Marta Wrochna-Łastowska, CFO of Żabka Group, said:
Żabka Group continues to deliver robust growth and strong cash generation. As a result, since our stock market debut, we have been able to significantly reduce our leverage, reaching our target net debt to EBITDA post-rent ratio of c. 1.0x faster than initially anticipated. At the same time, we have successfully optimized our sources of financing, decreasing our effective cost of capital. Consequently, we are pleased to announce the introduction of a new capital allocation policy, which includes dividend payout. With this step, Żabka Group joins the ranks of an elite group of blue chip companies that combine dynamic growth with a commitment to sharing profits with shareholders.
Key highlights of the Żabka Group’s new Capital Allocation Policy
- The Group plans to accelerate expansion, targeting more than 1,300 new store openings each year from 2025 to 2028, compared with the previous goal of over 1,300 openings in 2025 and over 1,000 annually in 2026–2028. By the end of 2028, the network is expected to reach around 16,000 locations in Poland and Romania, roughly 1,500 more than projected at the time of the IPO. The faster rollout reflects solid sales performance at new stores, rising demand for modern convenience formats, and availability of attractive locations in both markets.

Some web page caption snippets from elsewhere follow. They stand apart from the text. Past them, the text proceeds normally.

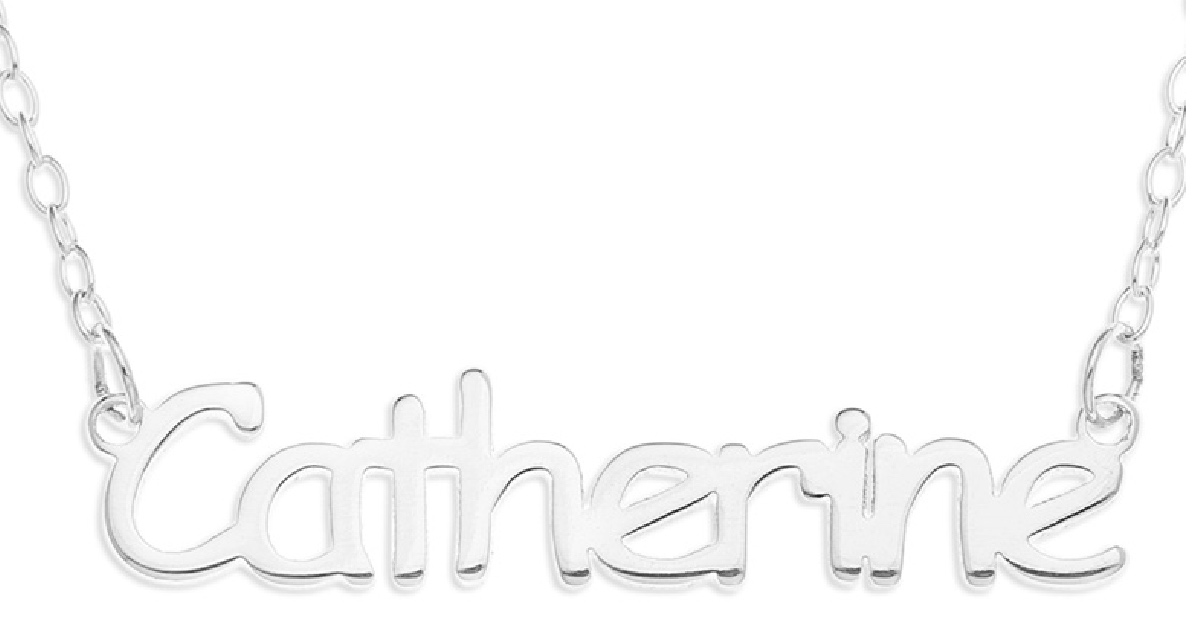 Zales Sterling Silver Personalized Name Necklace ONLY 19 Shipped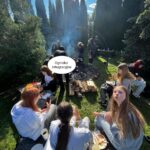 Uczniowie podczas ogniska integracyjnego 14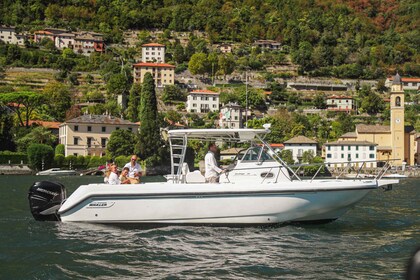 4 ore di tour privato in barca sul lago di Como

- At the end of June 2025, the Żabka Group network – Europe’s largest convenience chain – comprised 11,793 outlets in Poland and Romania, an increase of 10.8% from 10,640 a year earlier. Updated expansion plans put the potential of the combined Polish and Romanian markets at nearly 27,000 stores, meaning the Group could ultimately double the size of its network in the long term.
- While mergers and acquisitions may be considered to support core business development, the Group’s focus remains on organic growth.
- In the near term, the Group aims to reduce its net debt to consolidated adjusted EBITDA post-rent ratio to 1.0x. At the end of the first half of 2025, the ratio stood at 1.2x (down from 2.1x at the end of 2023). Medium- and long-term plans include maintaining moderate leverage and an adequate liquidity buffer to preserve operational flexibility.
- Provided leverage remains around 1.0x and liquidity stays at a safe level, the Board of Directors intends to recommend distributing dividend equal to 50% of consolidated net profit for the prior year starting with results for 2025. In subsequent years, the dividend may range from 50% to 70%, depending on market conditions and investment plans.
- The Board of Directors may recommend a higher payout if the Group reports one-off earnings, or a lower or no dividend if significant investments, including mergers and acquisitions, are planned for a financial year.
- Under Luxembourg law, the dividend amount recommended by the Board of Directors may not exceed the Company’s net profit for the previous financial year plus distributable reserves and retained earnings, after deducting past losses and mandatory reserve allocations.